Friday, Mar. 06, 1964
The Marshall Plan Marches On
A fortunate handful of West Berlin companies, ranging from a construction firm to a small hotel, last week received a total of $16 million in ten-year loans. By Continental standards, the companies will have to pay a surprisingly low (4%) interest rate--but the real surprise was the source of the loan. The money came from the Marshall Plan, which ended a decade ago.
Though most of the $13.6 billion in economic assistance that the U.S. pumped into Asia and Europe disappeared long ago, remnants of the aid are still at work. Part of Japan's $600 million leftover is being used to modernize the country's rail systems; most of Italy's $71 million in old funds is being spent for public housing; Britain uses its $2,800,000 balance for economic aid to its former colonies. These nations managed to keep Marshall Plan funds working by selling in their own countries their share of the $12 billion in equipment and commodities that the U.S. supplied in aid, then reinvesting the proceeds in worthwhile ventures.
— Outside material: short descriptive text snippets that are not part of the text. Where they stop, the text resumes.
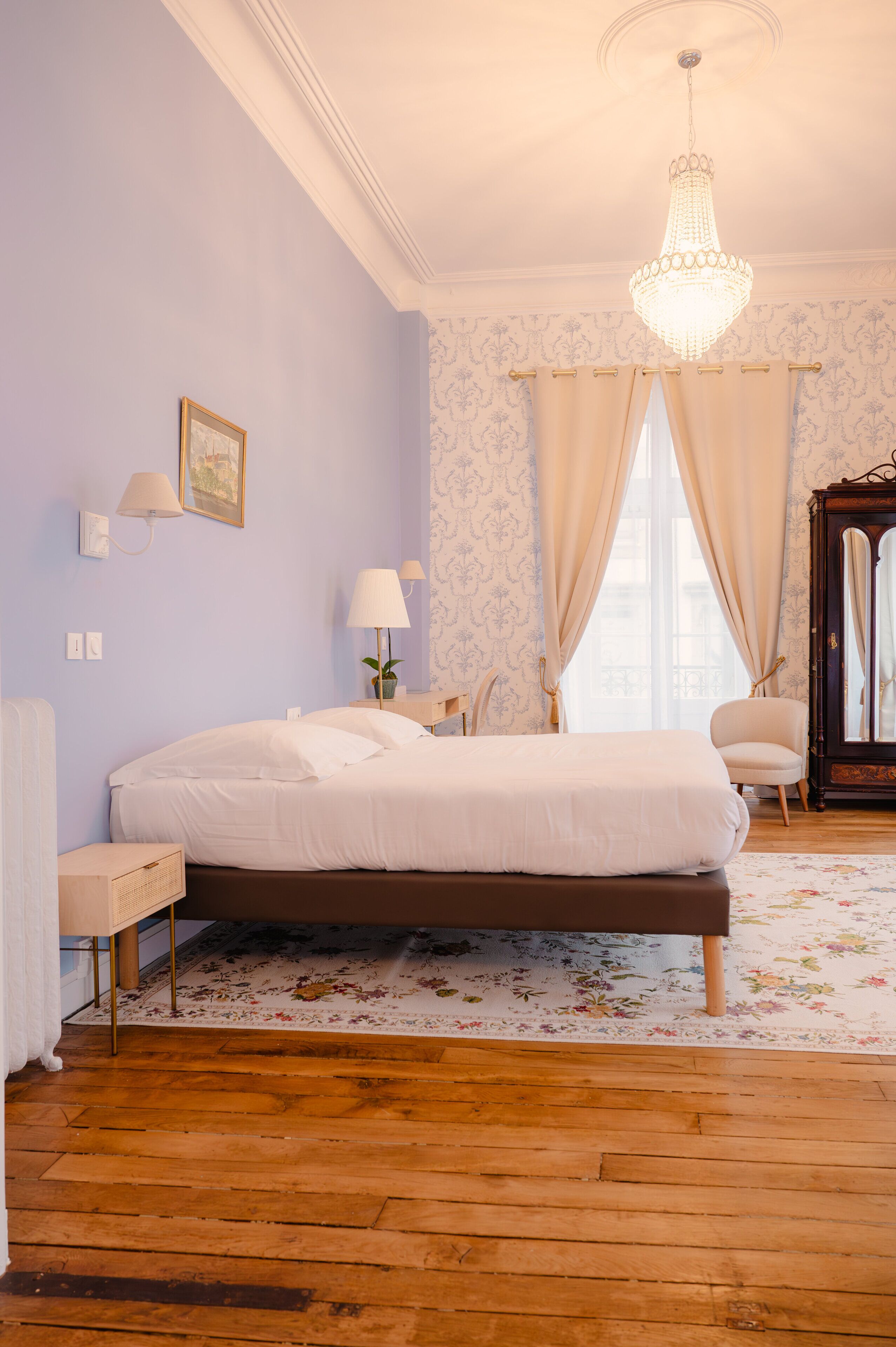 A bedroom with a bed, a nightstand, a chair, a dresser, a mirror, and a chandelier.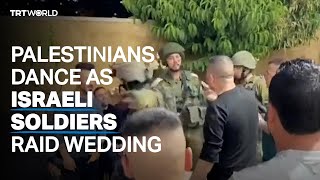 Palestinians dance as Israeli soldiers raid wedding [upl. by Aihsak916]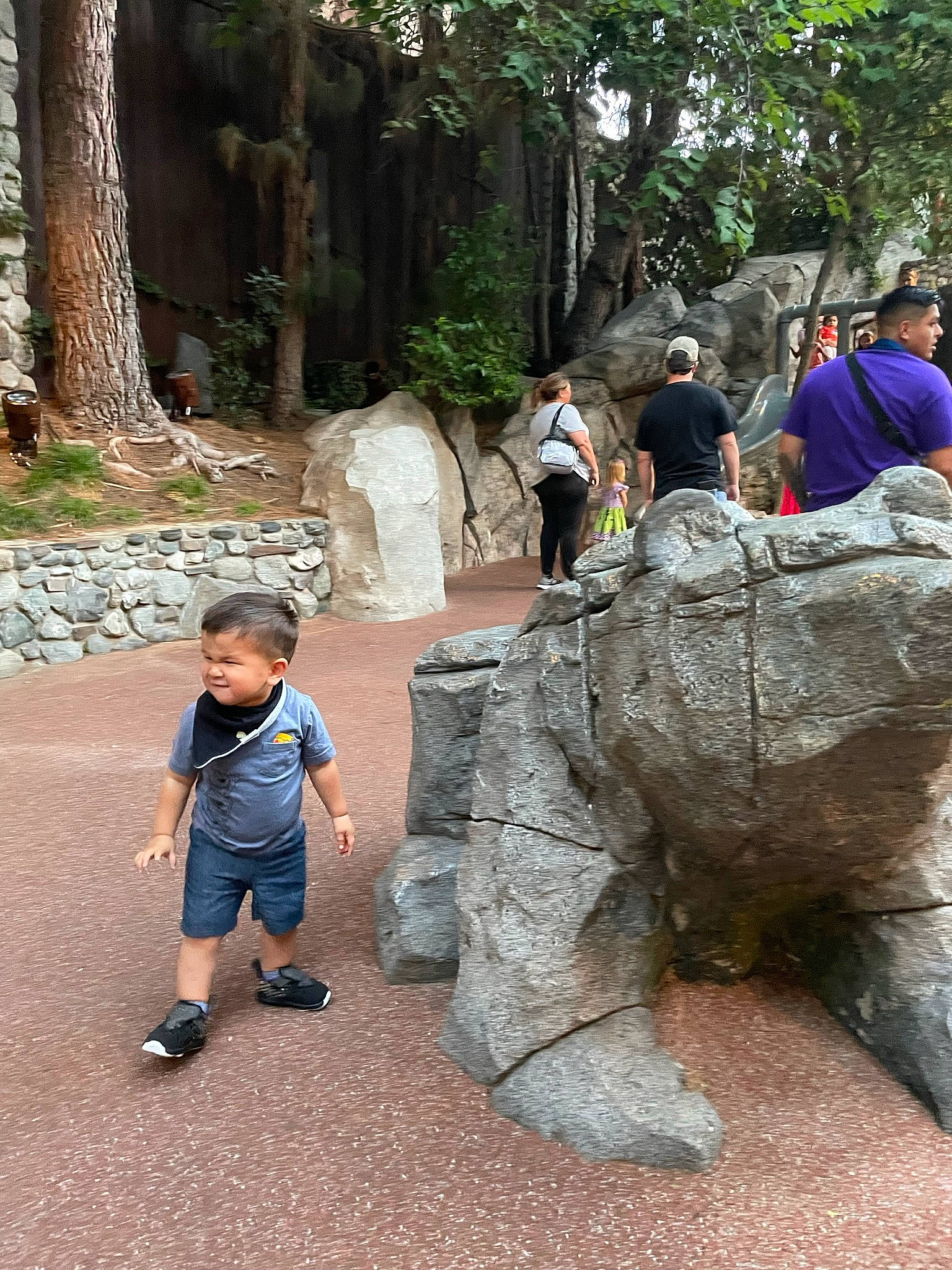 Clark is registered to the contest to win money with this photo: art, bedrock, botany, font, leisure, mammal, outcrop, person, plant, recreation, rock, sculpture, shorts, statue, t_shirt, temple, toddler, tourism, tree, vacation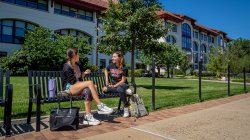 Two students sitting on bench outside Schmidt Hall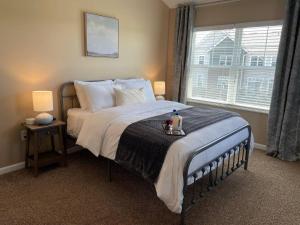 a bedroom with a bed with a tray on it at Retreat At The Charles Top Floor Gated Parking in Dublin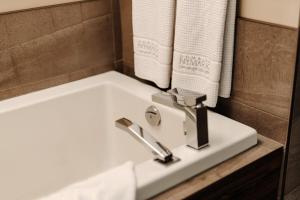 a white sink in a bathroom with towels at 2 bedroom suite with access to Sommet Saint-Sauveur in Saint-Sauveur-des-Monts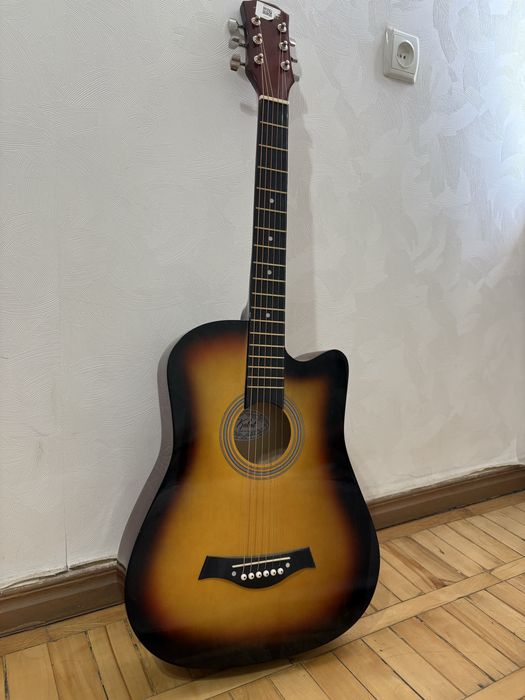 Getara acustik yangi sotiladi 400 000 ming kelishamiz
No nation has worked the trick quite so well as West Germany, where the funds still play a vital role, particularly in harried Berlin. This year $120 million will be channeled into loans for Berlin businesses; another $210 million will be used to help Germany's ailing shipbuilders, to finance sales of German goods to underdeveloped countries and to provide $85 million in new credit for the capital-short German economy. Germany has made its Marshall Plan money work particularly hard from the very first by setting up a special Bank for Reconstruction to administer most of the funds. By judicious lending and reinvestment, the bank has already produced $4 billion in credit from its original $1.5 billion Marshall Plan grant.
Following the Marshall Plan's precepts, the German government allows the money to be invested only in needed ventures. One nonutilitarian item is deducted each year from the fund. It is a Dankesspende (gift of thanks) to the American people, which this year amounts to $330,000 and will provide one year's free study for 60 U.S. students in West Germany.